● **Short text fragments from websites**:

☆ ☆ ☆ ☆ ☆

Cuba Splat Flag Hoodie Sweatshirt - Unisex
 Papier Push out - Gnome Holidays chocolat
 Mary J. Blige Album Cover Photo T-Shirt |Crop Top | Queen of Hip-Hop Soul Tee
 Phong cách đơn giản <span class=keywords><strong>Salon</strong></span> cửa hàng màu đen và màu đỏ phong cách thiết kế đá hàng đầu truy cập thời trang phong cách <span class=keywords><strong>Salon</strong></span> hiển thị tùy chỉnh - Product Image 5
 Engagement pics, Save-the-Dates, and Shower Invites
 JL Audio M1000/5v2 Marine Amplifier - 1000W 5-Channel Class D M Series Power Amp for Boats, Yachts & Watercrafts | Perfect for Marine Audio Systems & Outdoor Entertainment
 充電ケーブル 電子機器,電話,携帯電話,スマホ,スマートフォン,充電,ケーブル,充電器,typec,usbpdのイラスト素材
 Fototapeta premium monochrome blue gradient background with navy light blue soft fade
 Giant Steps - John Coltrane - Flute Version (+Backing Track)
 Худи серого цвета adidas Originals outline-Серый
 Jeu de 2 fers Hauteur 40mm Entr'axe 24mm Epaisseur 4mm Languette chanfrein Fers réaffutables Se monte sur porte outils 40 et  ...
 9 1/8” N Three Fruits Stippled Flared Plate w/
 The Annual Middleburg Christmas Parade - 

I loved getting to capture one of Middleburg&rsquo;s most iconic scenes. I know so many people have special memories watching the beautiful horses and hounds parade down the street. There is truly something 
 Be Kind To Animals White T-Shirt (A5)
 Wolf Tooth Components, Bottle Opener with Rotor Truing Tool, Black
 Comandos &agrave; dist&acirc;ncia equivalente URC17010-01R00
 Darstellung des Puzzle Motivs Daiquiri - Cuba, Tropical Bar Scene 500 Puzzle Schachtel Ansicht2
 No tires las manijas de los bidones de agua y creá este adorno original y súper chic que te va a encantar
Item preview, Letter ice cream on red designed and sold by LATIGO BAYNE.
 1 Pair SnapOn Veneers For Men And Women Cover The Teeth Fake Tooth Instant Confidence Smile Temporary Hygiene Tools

☆ ☆ ☆ ☆ ☆

● **Your task**: Begin with the line that contains "Fototapeta premium monochrome" and quote each line after it exactly, stopping after the last line of the data.

● **Reply to the exercise**:
 Fototapeta premium monochrome blue gradient background with navy light blue soft fade
 Giant Steps - John Coltrane - Flute Version (+Backing Track)
 Худи серого цвета adidas Originals outline-Серый
 Jeu de 2 fers Hauteur 40mm Entr'axe 24mm Epaisseur 4mm Languette chanfrein Fers réaffutables Se monte sur porte outils 40 et  ...
 9 1/8” N Three Fruits Stippled Flared Plate w/
 The Annual Middleburg Christmas Parade - 

I loved getting to capture one of Middleburg&rsquo;s most iconic scenes. I know so many people have special memories watching the beautiful horses and hounds parade down the street. There is truly something 
 Be Kind To Animals White T-Shirt (A5)
 Wolf Tooth Components, Bottle Opener with Rotor Truing Tool, Black
 Comandos &agrave; dist&acirc;ncia equivalente URC17010-01R00
 Darstellung des Puzzle Motivs Daiquiri - Cuba, Tropical Bar Scene 500 Puzzle Schachtel Ansicht2
 No tires las manijas de los bidones de agua y creá este adorno original y súper chic que te va a encantar
Item preview, Letter ice cream on red designed and sold by LATIGO BAYNE.
 1 Pair SnapOn Veneers For Men And Women Cover The Teeth Fake Tooth Instant Confidence Smile Temporary Hygiene Tools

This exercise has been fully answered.